This rider is focused on continual improvement but also celebrates his successes and learns from his errors.
Example of a bad rider without healthy habits: He will not have the track printed out, and maybe will have only eaten a few snacks. He talks to a few friends, perhaps loses track of time, and gets caught off guard that it his session to go on the track. He hops on the bike right away and is haphazardly speeding at 100 mph on the straightaway and doesn’t really know the race lines. It may require a solid five minutes for him to really focus in and thus he may not be making improvements. After his session, he is distracted by what he did wrong and sets the sole goal of being faster. With no actual game plan, he will just focus on gunning the throttle and taking turns faster.
This rider thinks short term and forgets the progress to be made in thinking long term and continually assessing his successes and failures.
While these examples may sound exaggerated, they aren’t far off-base from what many riders experienced or have witnessed. Riding a motorcycle has, literally, many moving parts. This includes the intentions and mentality of the rider as well as the dynamics and mechanics of the bike.
How Self-Coaching Impacts Riding
Creating and maintaining a positive mental mindset can take on many forms when it comes to the sport and hobby of motorcycle racing. Our previous blog posts offered solid advice on the elements of “getting in the zone” and having a ritual and mantra. Yet the possibilities are endless for the ways in which a rider can harness the lessons learned from both poor performances and successful performances.
By becoming intentional with planning, and assessing performance afterward, a rider learns the positive dynamics of self-coaching. Self-coaching is a simple way of explaining the method of motivating yourself and becoming self-reliant. This can translate to any aspect of your life, but often includes those involved in a performance sport.
In an article titled “Why Self-Coaching Can Be a Good Thing”, author Mackenzie Madison explains that the benefits of self-coaching include:
Taking credit for your own success
Becoming your own motivator
Knowing your strengths and weaknesses better than anyone else
Madison goes on to say “You become more aware of your body and its responses to a variety of training situations. Self-coaching makes you tune in closely to your body’s responses and make honest assessments.”
As motorcycle riders, we are all aware of how important it is to stay attuned to our body’s cues, both large and small. When we pay attention to things such as our reflexes, change in heart rate, breathing patterns, and even the release of sweat, we learn how to integrate that important mind-body connection that can make or break a good race or lap.

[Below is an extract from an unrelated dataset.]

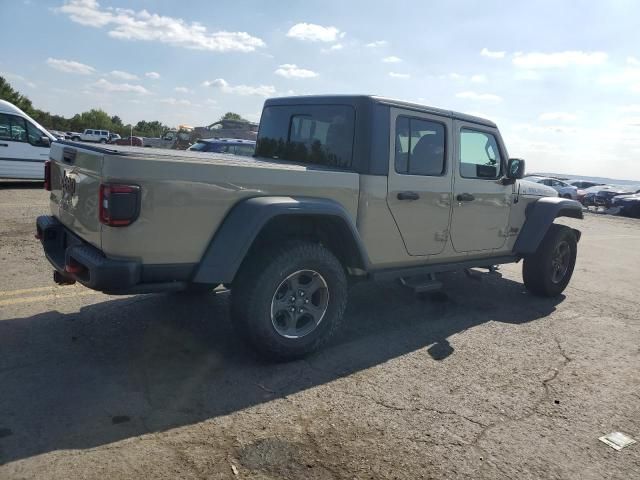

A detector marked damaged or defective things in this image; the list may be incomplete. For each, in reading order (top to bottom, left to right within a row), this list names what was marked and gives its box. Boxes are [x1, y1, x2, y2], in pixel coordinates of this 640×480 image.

cracked asphalt [0, 182, 636, 478]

Honest assessments, as Madison mentioned, can play out in the way we are able to process through the mistakes we may make as riders. Instead of just getting angry or embarrassed by a mistake, we can learn how to better prepare for next time. This also allows a rider to be less apprehensive for the next performance.
For example, it is rare for even the best of riders to have a perfect lap. Not every turn will be taken perfectly or the timing of every gear shift or braking technique. Many times, riders will become frustrated when they know they didn’t take a corner correctly and will obsess, thinking that they’ve ruined their performance. Instead, self-coaching can help a rider learn to observe quickly and then release any fears or unnecessary frustrations. These riders will know they can start the lap at the next turn and have a better chance of being more focused.
It’s important to be aware that there are many different and fundamental skill sets to learn before becoming a faster and more technical rider. Each of these skills takes dedicated practice and it isn’t plausible to learn them all at once. Some examples include:
Straight line breaking (Breaking in a straight line)
Trail Breaking (Breaking while in a turn)
Downshifting (Going from 3rd gear to 2nd gear etc.)
Body position (Leaning properly)
Timing of all of the above
As dedicated riders, it behooves us to break down these skills using self-coaching, planning, and the creation of good habits in order to become highly capable in our sport. As many riders can attest to, burnout can occur much more quickly when one tries to cram an entire set of practical skill learning into a high-pressure timeframe. Those situations usually end up embarrassing, exhausting, or downright dangerous for the rider.
The Power of Preparation and Planning
Elena Myers Court continued to share this relevant wisdom in the article she wrote: “I eventually came to realize that while mental preparation starts with physical preparation, it doesn’t end there. It’s really about creating peace of mind, so you can be totally in the moment when you’re out on the track. Over time I learned a key for me to feel mentally prepared was making sure I had a routine for getting all of the predictable activities squared away so I could deal with anything unexpected that would come up last minute…”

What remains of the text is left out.